I’ve often thought about what it would mean to me to play another show in front of anyone again. I thought I might cry my eyes out. I thought I might scream. I thought it might not affect me in anyway. I really don’t know. I’ve thought about what I would wear, I’ve thought about what we would sound like, how people would react, how it would be the worst and how it would be the best. I’ve thought about looking up and not seeing John.

But I never thought about how much seeing it in print, confirmed for the world to see, would mean to me. I never thought about how I would really enjoy making music with dudes the way I enjoyed it with John. I never thought I’d be a part of something like this again. But I guess here we are.

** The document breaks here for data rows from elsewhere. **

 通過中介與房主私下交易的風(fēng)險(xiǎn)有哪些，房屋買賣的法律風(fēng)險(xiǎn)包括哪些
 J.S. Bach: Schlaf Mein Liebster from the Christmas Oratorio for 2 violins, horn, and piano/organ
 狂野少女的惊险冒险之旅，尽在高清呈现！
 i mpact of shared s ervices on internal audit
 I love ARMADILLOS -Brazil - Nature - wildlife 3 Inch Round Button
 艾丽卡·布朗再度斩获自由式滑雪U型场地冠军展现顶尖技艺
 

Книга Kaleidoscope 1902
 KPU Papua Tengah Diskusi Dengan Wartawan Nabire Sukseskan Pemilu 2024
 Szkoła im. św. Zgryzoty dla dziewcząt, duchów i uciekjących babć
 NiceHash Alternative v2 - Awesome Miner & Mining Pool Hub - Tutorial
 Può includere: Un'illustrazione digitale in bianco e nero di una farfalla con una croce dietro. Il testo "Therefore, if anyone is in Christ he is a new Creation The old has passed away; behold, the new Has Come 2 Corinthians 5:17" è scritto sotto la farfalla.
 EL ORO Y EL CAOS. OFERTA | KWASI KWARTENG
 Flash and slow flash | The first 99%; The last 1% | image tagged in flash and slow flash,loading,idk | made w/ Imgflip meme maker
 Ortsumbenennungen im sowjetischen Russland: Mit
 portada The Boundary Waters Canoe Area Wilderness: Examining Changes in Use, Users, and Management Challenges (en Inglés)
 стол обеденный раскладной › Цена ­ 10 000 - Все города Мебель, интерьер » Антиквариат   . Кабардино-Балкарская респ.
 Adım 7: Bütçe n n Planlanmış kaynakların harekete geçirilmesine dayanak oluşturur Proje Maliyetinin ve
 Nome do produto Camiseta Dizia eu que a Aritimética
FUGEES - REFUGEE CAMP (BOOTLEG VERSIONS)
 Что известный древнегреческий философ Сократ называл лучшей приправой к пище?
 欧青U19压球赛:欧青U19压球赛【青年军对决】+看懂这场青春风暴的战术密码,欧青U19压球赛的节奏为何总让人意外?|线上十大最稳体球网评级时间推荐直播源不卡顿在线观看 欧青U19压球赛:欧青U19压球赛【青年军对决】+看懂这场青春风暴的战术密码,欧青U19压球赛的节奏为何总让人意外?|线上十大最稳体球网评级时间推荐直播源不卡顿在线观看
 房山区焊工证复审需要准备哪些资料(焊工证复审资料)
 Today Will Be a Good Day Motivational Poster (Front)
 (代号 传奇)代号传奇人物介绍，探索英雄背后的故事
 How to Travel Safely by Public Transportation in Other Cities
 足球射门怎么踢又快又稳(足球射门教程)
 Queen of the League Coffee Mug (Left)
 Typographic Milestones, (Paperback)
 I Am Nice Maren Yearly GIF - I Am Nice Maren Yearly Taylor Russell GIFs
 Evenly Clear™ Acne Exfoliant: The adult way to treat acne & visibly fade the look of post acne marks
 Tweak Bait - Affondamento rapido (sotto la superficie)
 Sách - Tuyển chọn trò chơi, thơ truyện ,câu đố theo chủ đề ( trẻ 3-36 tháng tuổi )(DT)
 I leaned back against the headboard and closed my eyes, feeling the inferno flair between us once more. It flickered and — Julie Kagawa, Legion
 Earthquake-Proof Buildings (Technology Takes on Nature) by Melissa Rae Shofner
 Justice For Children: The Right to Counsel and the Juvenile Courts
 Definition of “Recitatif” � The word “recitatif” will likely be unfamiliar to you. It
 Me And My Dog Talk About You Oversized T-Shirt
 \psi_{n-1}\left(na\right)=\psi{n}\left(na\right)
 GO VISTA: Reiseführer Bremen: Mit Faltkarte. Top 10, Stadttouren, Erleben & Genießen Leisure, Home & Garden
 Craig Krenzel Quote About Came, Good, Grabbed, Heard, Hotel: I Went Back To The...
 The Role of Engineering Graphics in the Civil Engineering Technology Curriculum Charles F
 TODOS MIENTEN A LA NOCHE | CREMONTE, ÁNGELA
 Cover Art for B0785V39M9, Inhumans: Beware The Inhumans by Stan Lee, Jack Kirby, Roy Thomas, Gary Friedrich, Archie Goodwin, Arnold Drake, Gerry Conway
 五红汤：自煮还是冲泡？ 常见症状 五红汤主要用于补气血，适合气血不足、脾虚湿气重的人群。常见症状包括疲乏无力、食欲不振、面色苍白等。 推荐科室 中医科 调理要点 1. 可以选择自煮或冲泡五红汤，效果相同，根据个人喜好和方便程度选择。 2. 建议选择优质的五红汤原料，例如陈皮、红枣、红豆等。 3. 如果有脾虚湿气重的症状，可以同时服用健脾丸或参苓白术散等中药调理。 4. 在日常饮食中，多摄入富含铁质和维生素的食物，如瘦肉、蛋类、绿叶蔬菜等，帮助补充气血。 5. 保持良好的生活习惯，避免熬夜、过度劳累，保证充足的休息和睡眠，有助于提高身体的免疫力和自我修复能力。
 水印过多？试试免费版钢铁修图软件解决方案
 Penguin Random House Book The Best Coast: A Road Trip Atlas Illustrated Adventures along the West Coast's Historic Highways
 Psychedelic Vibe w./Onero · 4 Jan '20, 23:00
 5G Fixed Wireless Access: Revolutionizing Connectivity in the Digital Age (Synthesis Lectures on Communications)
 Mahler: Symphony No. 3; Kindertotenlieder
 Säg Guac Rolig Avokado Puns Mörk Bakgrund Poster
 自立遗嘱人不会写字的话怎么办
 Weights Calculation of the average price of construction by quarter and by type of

On July 2nd, 2009, John Hart and Takes Manhattan died. A few weeks later I sold my drum kit and figured I’d never play drums by myself again, let alone with friends, in front of a crowd.

 

On September 22nd, 2016, I am going to play a punk rock show in front of people again, barring any last minute changes, cancellations, stage fright, whatever. I have no idea what I will feel then, but I know it’s for the best. I know now that I needed to get back on this horse a long time ago.

Words can’t really describe how much I am looking forward to it. If you’re there (and you should be, please) come talk to me like the good old days. I’ll cry, we’ll hug and I can move on.

Finally.

*BJ Moore is now in 2,009,124 bands since this was written. God bless him.